### DATA IN THIS EXERCISE
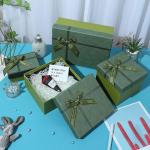 Green Lid And Base Box Rigid Cardboard Carton Box Gift Packaging Paper Boxes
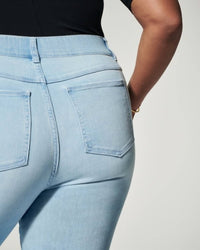 Spanx High-rise Flare Jeans in retro light wash - women's pants - view 6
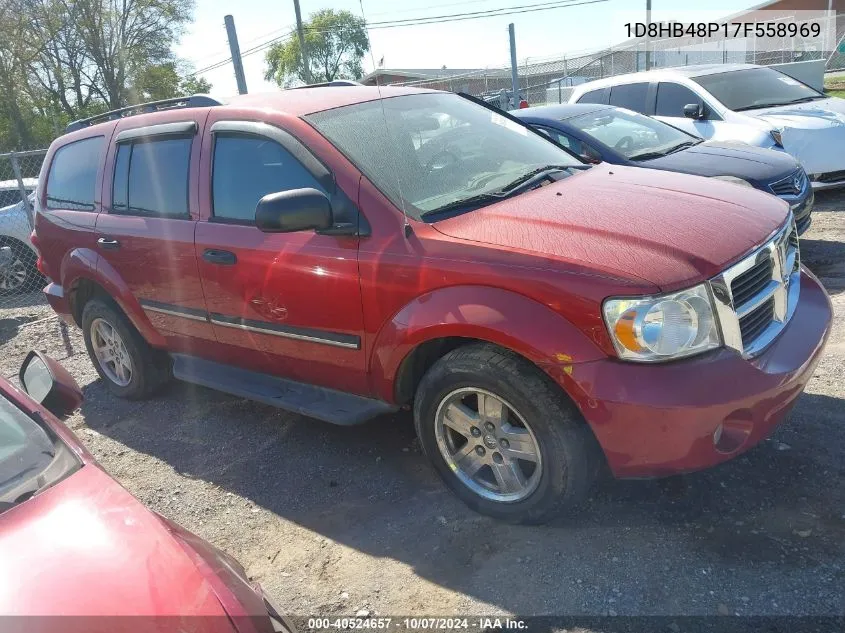 2007 Dodge Durango Slt VIN: 1D8HB48P17F558969 Lot: 40524657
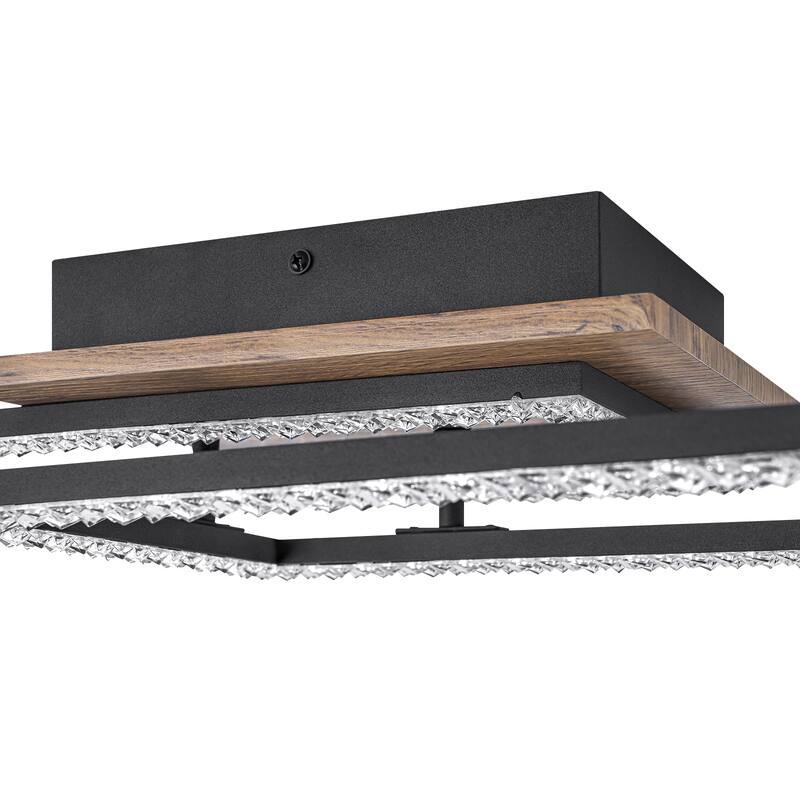 Dual Frame Rectangular Integrated LED Flush Mount Ceiling Light - Dia.40.55-in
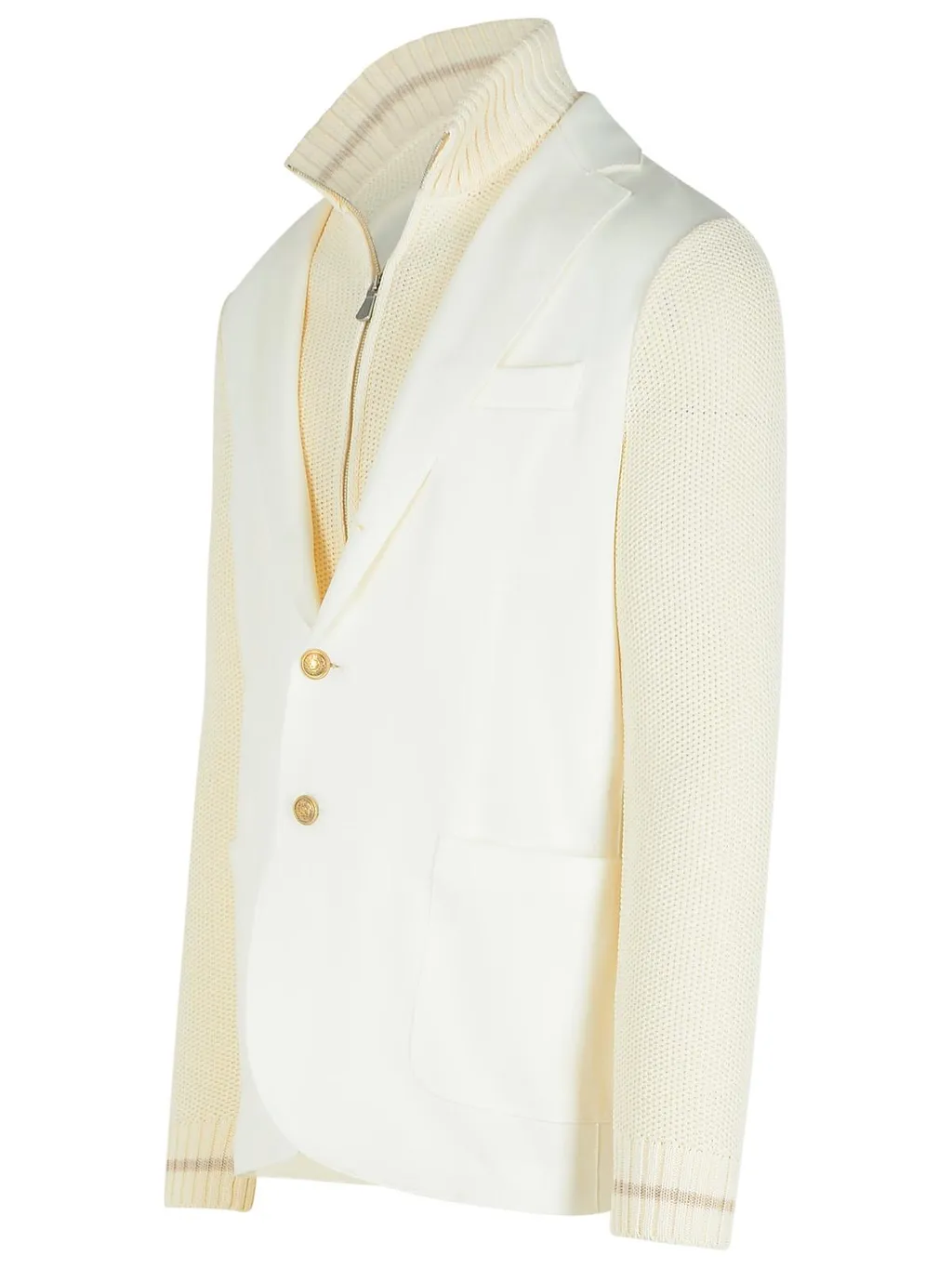 Long-Sleeved Knitted Cardigan
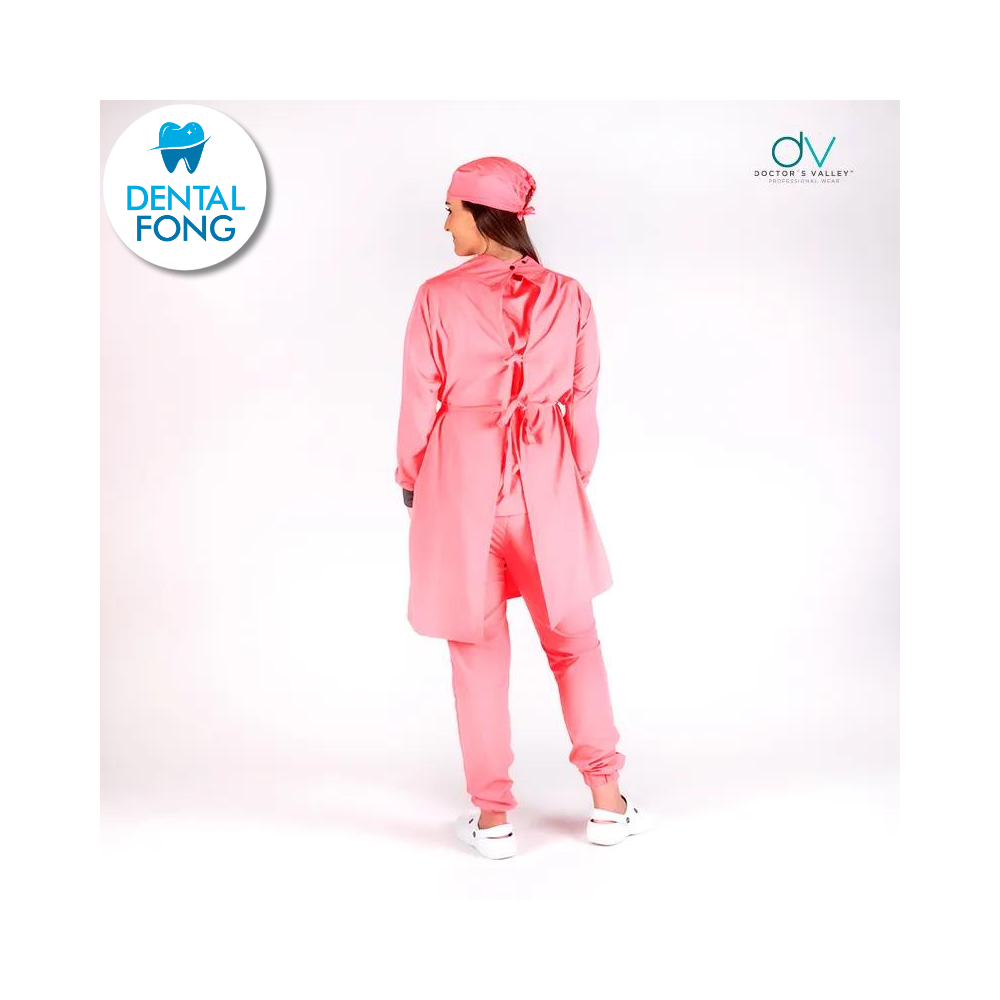 BATA IMPERMEABLE MUJER PALO DE ROSA M/G C/EST. Y COFIA DE REGALO (DOCTORS VALLEY)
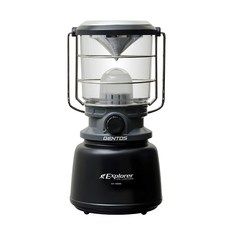 GENTOS Explorer 露營燈 1300流明 IPX4 戶外照明, 黑色, 1個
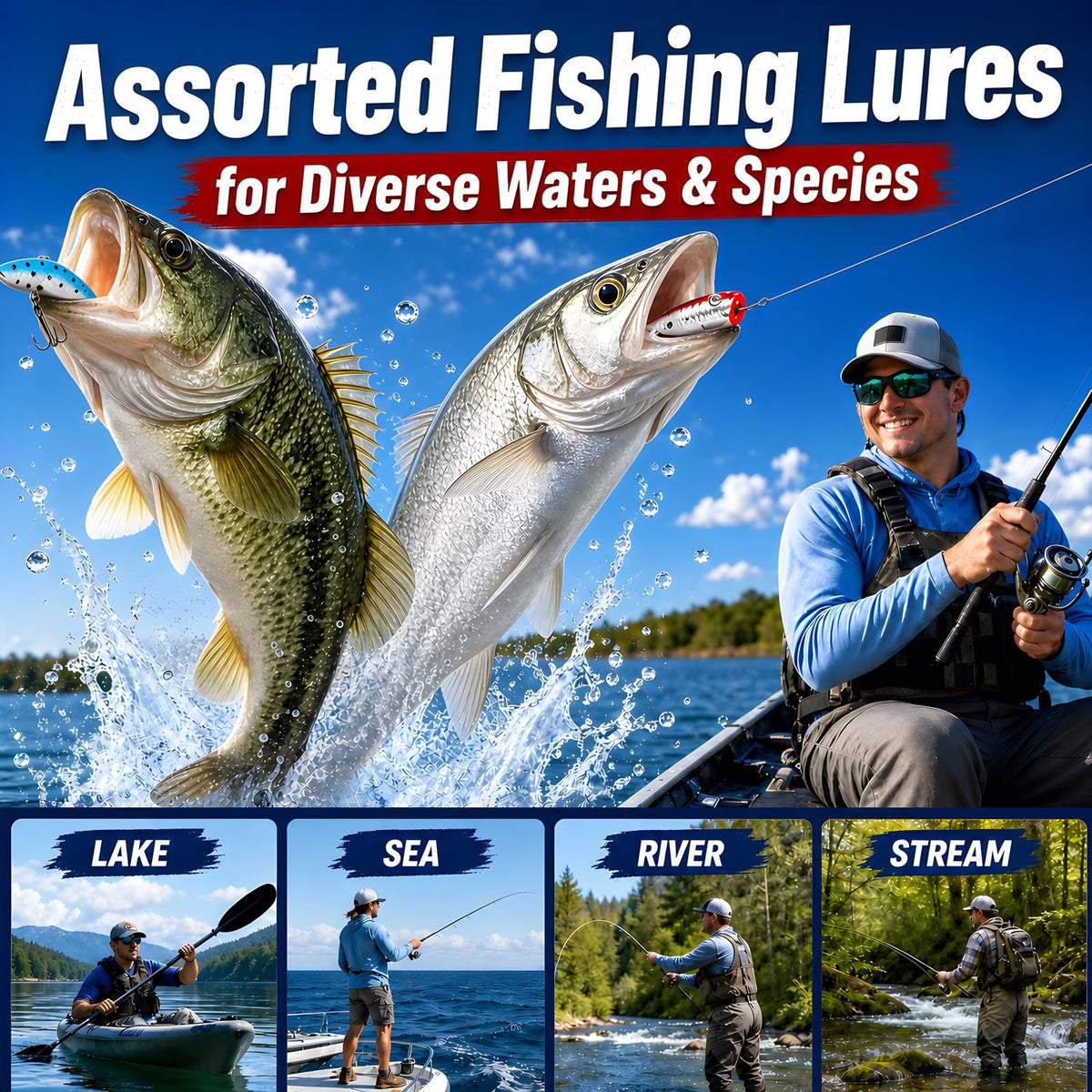 Fishing Tackle Box Advent Calendar 2026 – 24 Lures & Jigs – image 3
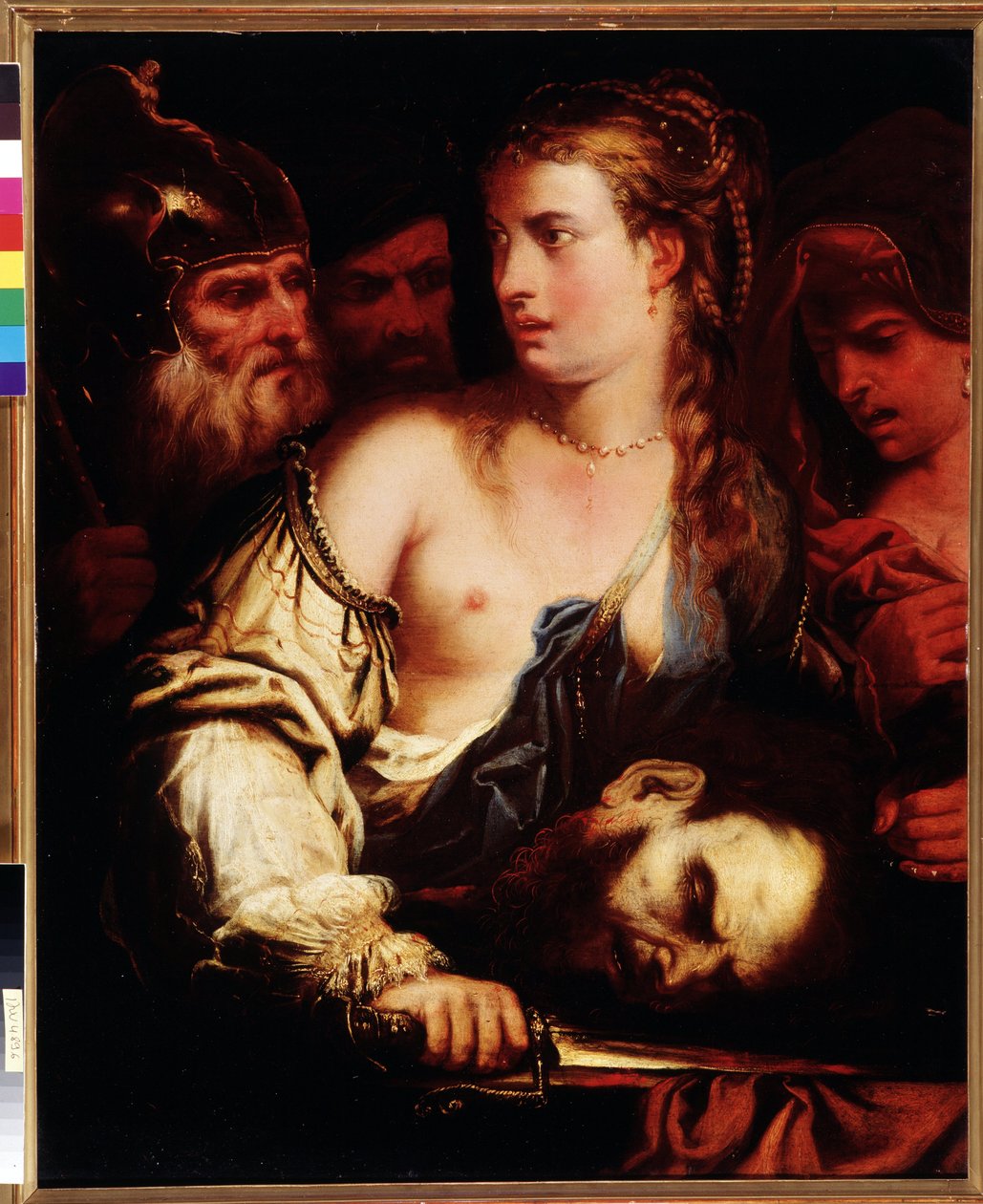 Judith drží Holofernovu hlavu od Francesco de (c.1600 54) Rosa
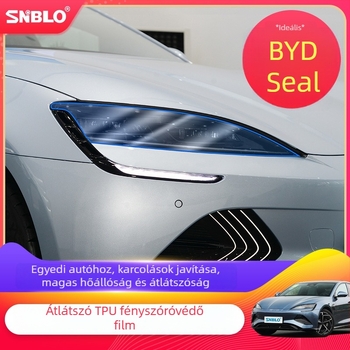 BYD Seal fényszóróvédő film – TPU, karcolás elleni védelem, testreszabható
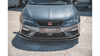 Splitter Seat Leon Cupra FR III Facelift przód v.6 Gloss Black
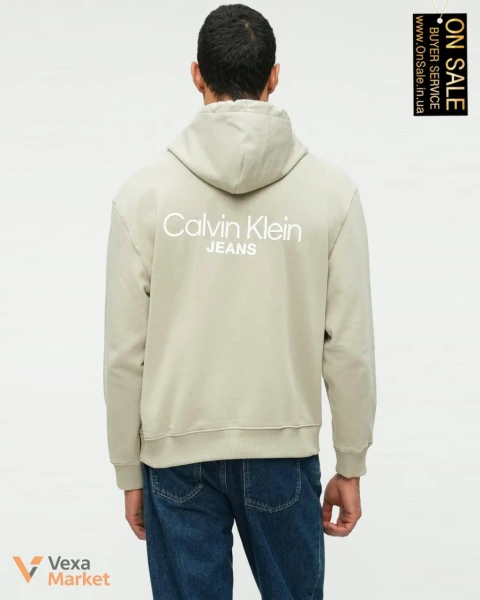 Худі Calvin Klein Jeans з капюшоном та кишенею-кенгуру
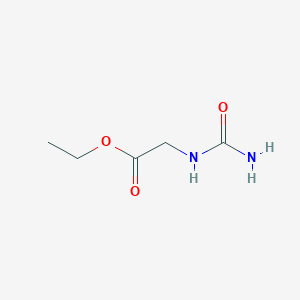 molecular formula C5H10N2O3 B1596057 Ethyl 2-[(aminocarbonyl)amino]acetate CAS No. 6293-20-5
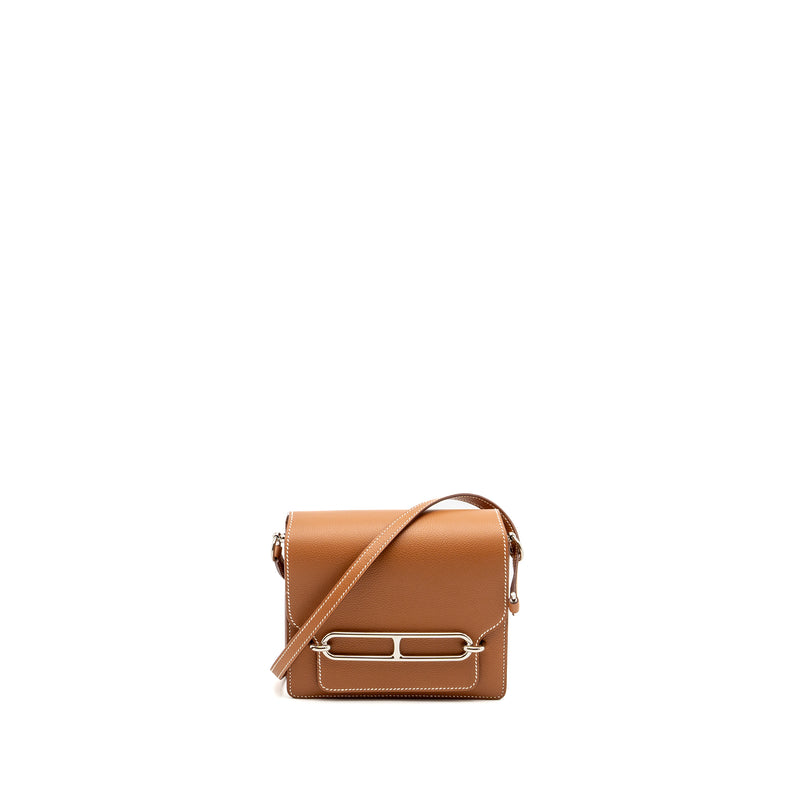 Hermes Mini Roulis evercolor GOLD SHW stamp Z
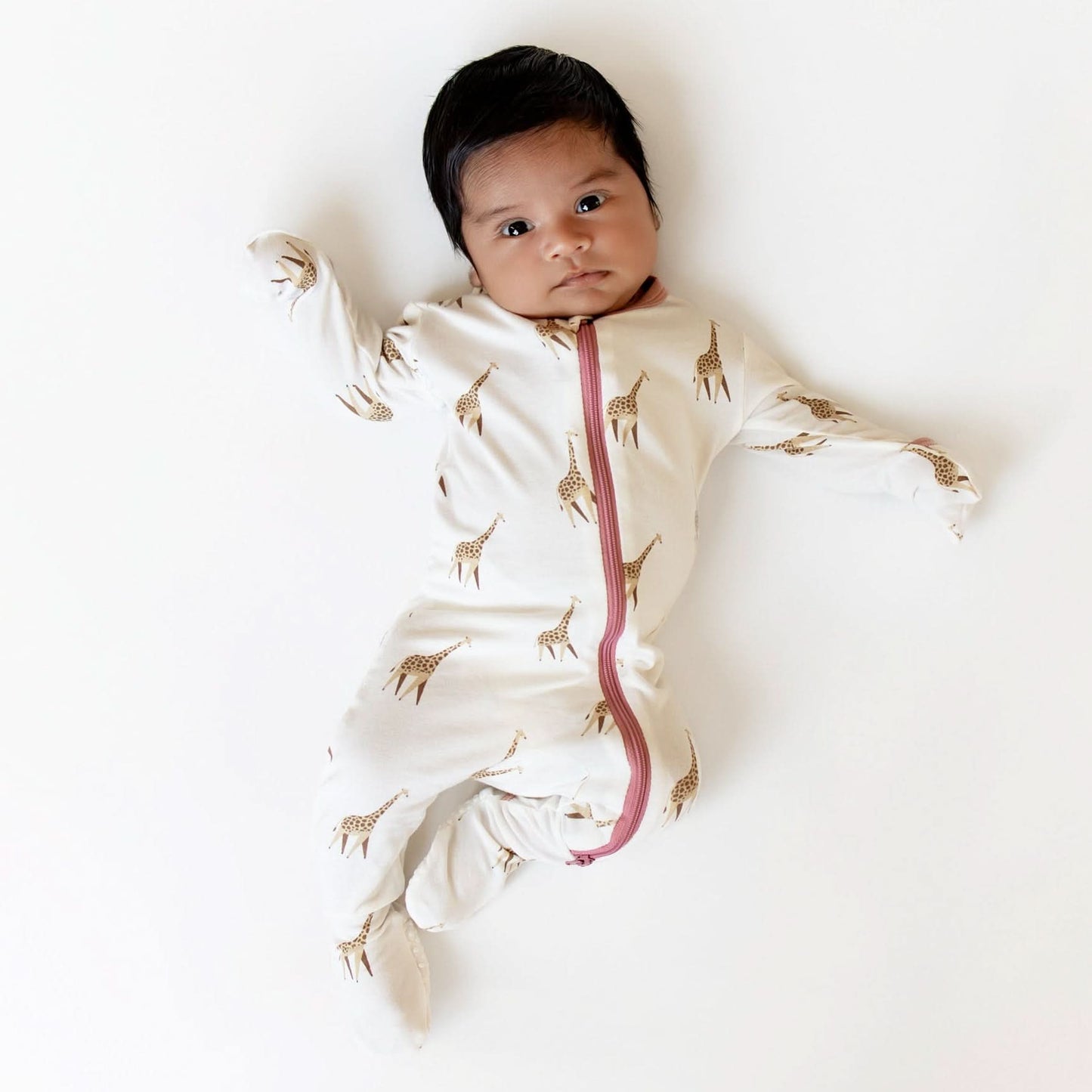 Giraffe Zippered Footie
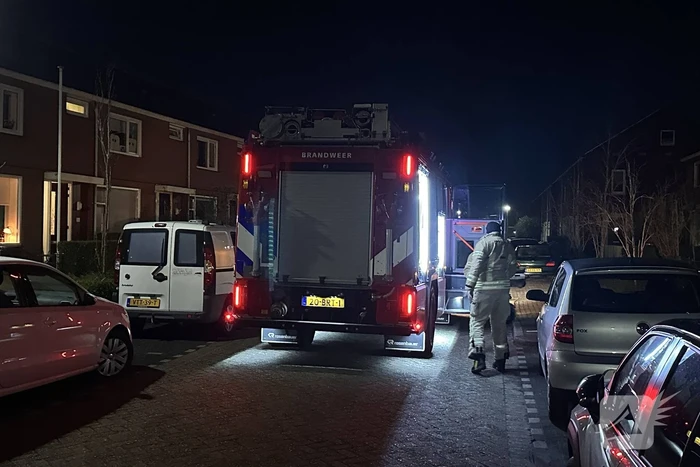 Muur van woning dreigt in te storten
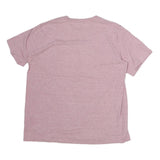 CARHARTT Womens Pink Crew Neck Cotton T-Shirt XL Pocket Casual Basic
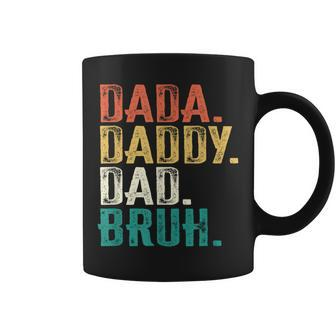 Retro Vintage Dada Daddy Dad Bruh Fathers Day 2023 Coffee Mug - Monsterry DE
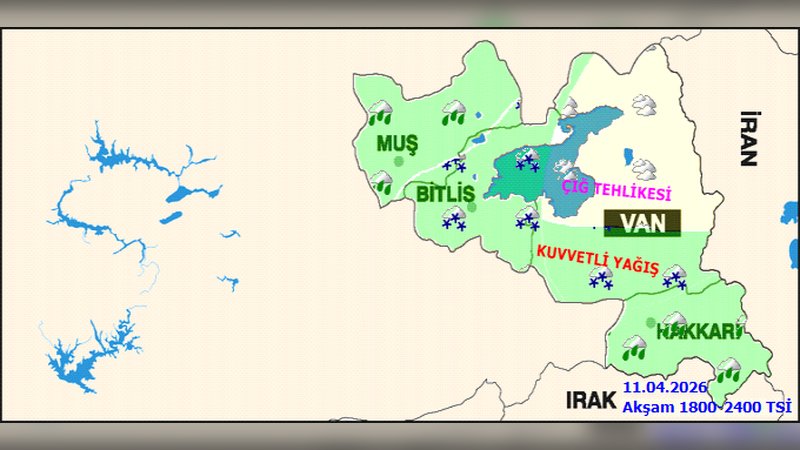 Hakkari'de Kuvvetli Yağış ve Karla Karışık Yağmur Bekleniyor: Dikkatli Olun!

### WHAT YOU WILL DO
Without the pictures, transcribe the lines from the one containing "CARHARTT Womens Pink" through the end of the data, exactly and only those.

### ANSWER BELOW
 CARHARTT Womens Pink Crew Neck Cotton T-Shirt XL Pocket Casual Basic
 Retro Vintage Dada Daddy Dad Bruh Fathers Day 2023 Coffee Mug - Monsterry DE
 Hakkari'de Kuvvetli Yağış ve Karla Karışık Yağmur Bekleniyor: Dikkatli Olun!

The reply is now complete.